Wetlands in the Floodplain 101
How do they work?
Wetlands provide crucial habitats for migratory birds and are the home of some of our most beautiful and pollinator-friendly native plants like swamp milkweed, cardinal flower, and blazing star. Illinois is home to many forest wetlands and swamps.
Many wetlands in our region were created from rivers. Rivers are not static environments; they shift, grow, and shrink. The Mississippi River, for example, has shifted back and forth for thousands of years. Horseshoe Lake in Granite City is the remains of a previous course the river took at one point in its history.
The low-lying area between the bluffs and the Mississippi River from Alton to Dupo is called the American Bottom. This area is the former bed of the Mississippi River. The American Bottom once had many lakes, wetlands, and marshes borne from the curves the river has taken over time.

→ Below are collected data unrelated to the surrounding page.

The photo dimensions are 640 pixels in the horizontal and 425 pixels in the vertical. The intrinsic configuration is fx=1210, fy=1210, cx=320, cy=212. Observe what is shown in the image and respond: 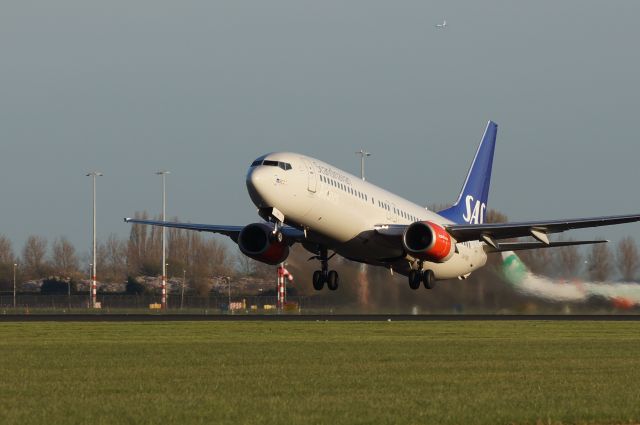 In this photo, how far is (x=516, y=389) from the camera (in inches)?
1037

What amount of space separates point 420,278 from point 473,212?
1610 centimetres

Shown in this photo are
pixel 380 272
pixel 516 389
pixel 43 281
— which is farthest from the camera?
pixel 43 281

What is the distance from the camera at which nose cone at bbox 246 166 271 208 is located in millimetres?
45094

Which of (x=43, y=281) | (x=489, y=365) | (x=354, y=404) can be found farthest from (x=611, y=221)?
(x=43, y=281)

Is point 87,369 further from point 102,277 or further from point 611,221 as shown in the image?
point 102,277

Wetlands provide many benefits to our communities, including wildlife habitat. However, wetlands crucially provide water storage. Wetlands, by nature, are low-lying water gatherers. During heavy rainfall, wetlands can capture much of that excess water that can cause flooding, especially in the low-lying area of the American Bottom.

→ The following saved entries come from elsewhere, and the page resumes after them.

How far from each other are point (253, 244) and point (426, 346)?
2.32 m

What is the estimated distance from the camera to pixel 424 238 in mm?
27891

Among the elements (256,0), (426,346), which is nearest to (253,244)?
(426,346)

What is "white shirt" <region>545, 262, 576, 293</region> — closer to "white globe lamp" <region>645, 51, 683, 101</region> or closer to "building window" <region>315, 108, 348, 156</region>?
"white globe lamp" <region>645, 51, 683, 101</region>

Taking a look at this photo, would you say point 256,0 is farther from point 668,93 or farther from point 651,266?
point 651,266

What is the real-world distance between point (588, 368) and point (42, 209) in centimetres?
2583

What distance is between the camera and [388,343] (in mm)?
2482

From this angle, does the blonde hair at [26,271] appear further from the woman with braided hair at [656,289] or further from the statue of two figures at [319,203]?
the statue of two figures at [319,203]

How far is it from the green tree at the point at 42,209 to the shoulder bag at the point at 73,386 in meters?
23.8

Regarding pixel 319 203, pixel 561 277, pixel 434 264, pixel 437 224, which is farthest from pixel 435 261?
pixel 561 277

Wetlands, with their unique varieties of plants and trees, are also great at capturing and holding pollution that can run off during rains in urban and rural communities. The sediment and fertilizer that may get swept off a farm field can be caught and used by a local wetland before it can get into the Mississippi river or drinking water sources.
In light of the damaging floods we experienced in Southwestern Illinois this past July, we need to take a look at all of the tools at our disposal. One tool is the restoration of wetlands in our area so that we all can protect our human habitat.